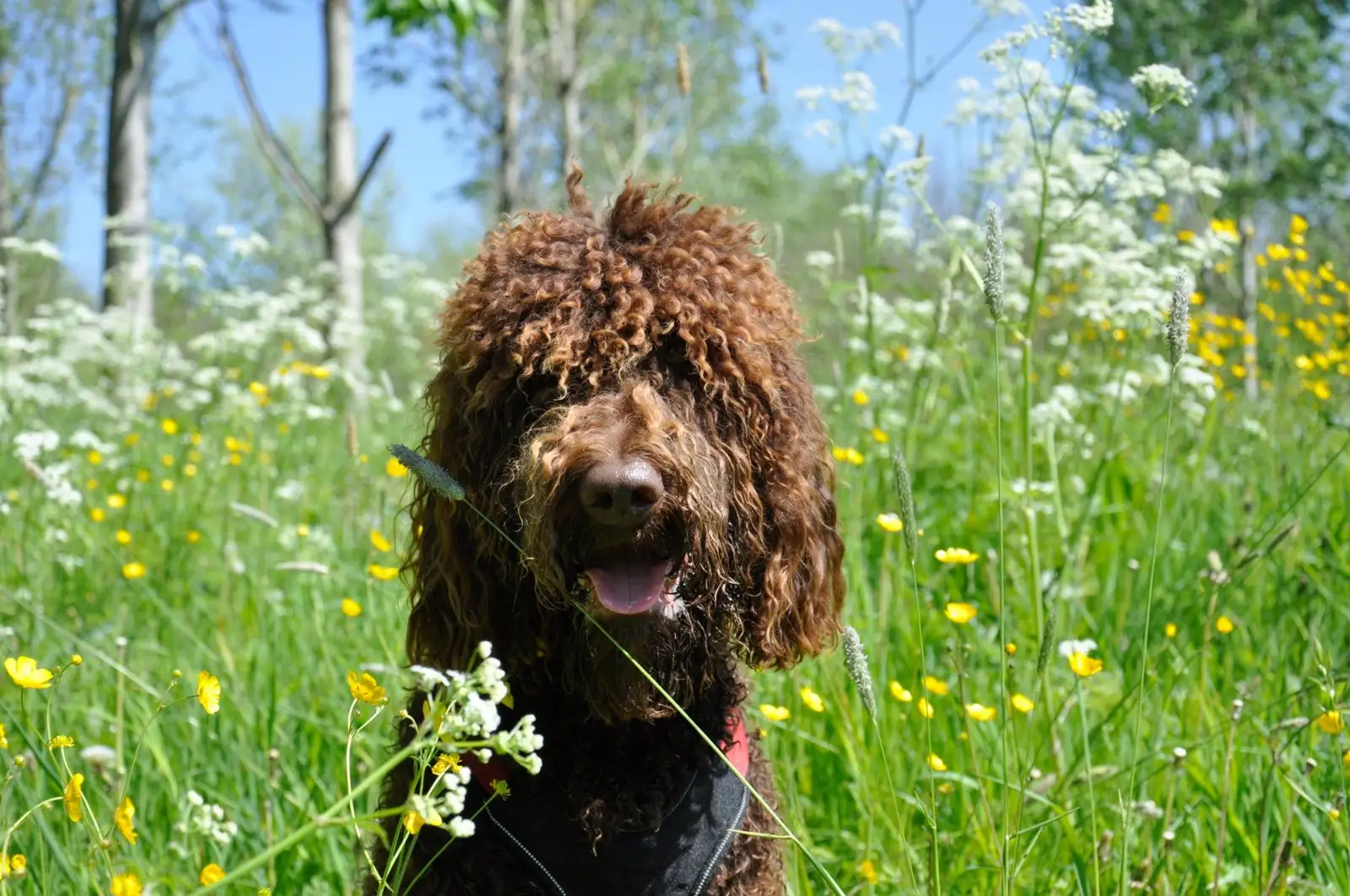 Strippenkaart voor oppas- en uitlaatservice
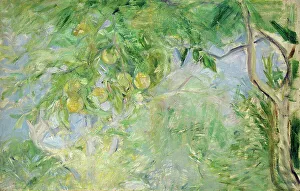 Morisot Prints: Branches d'oranger, 1889. Creator: Morisot, Berthe (1841-1895)
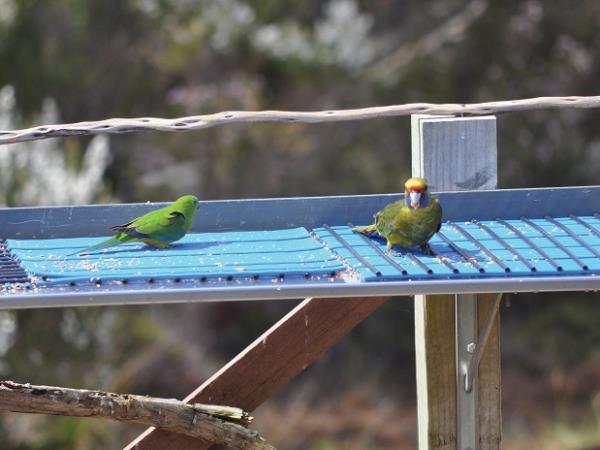 Tasmania bird watching holiday, Australia
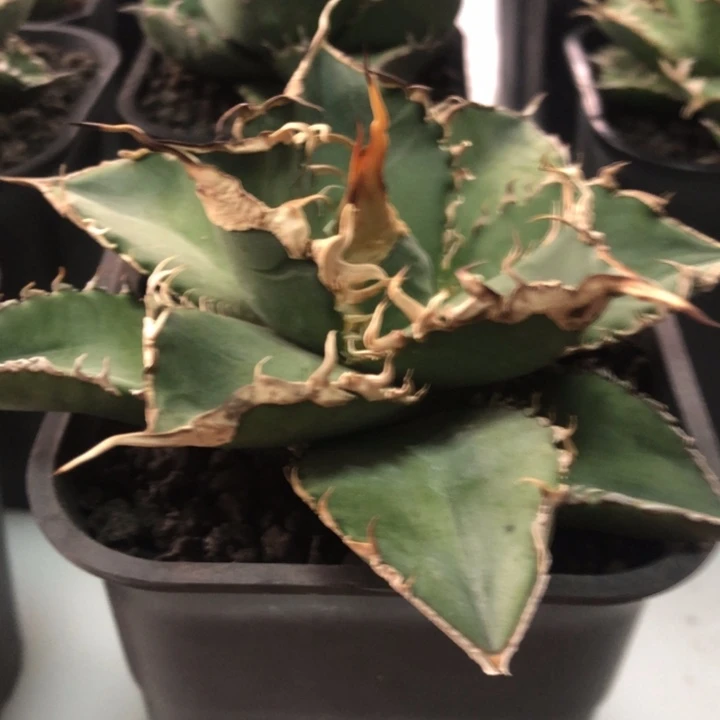 绿幽灵仁王冠龙舌兰折后价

◆ **WHAT IS NEEDED**
Your task is to copy word for word the lines from the line containing "Tasmania bird watching holiday, Australia" to the end of the listing, both included, and to drop any pictures.

◆ **EXERCISE ANSWER**
 Tasmania bird watching holiday, Australia
 绿幽灵仁王冠龙舌兰折后价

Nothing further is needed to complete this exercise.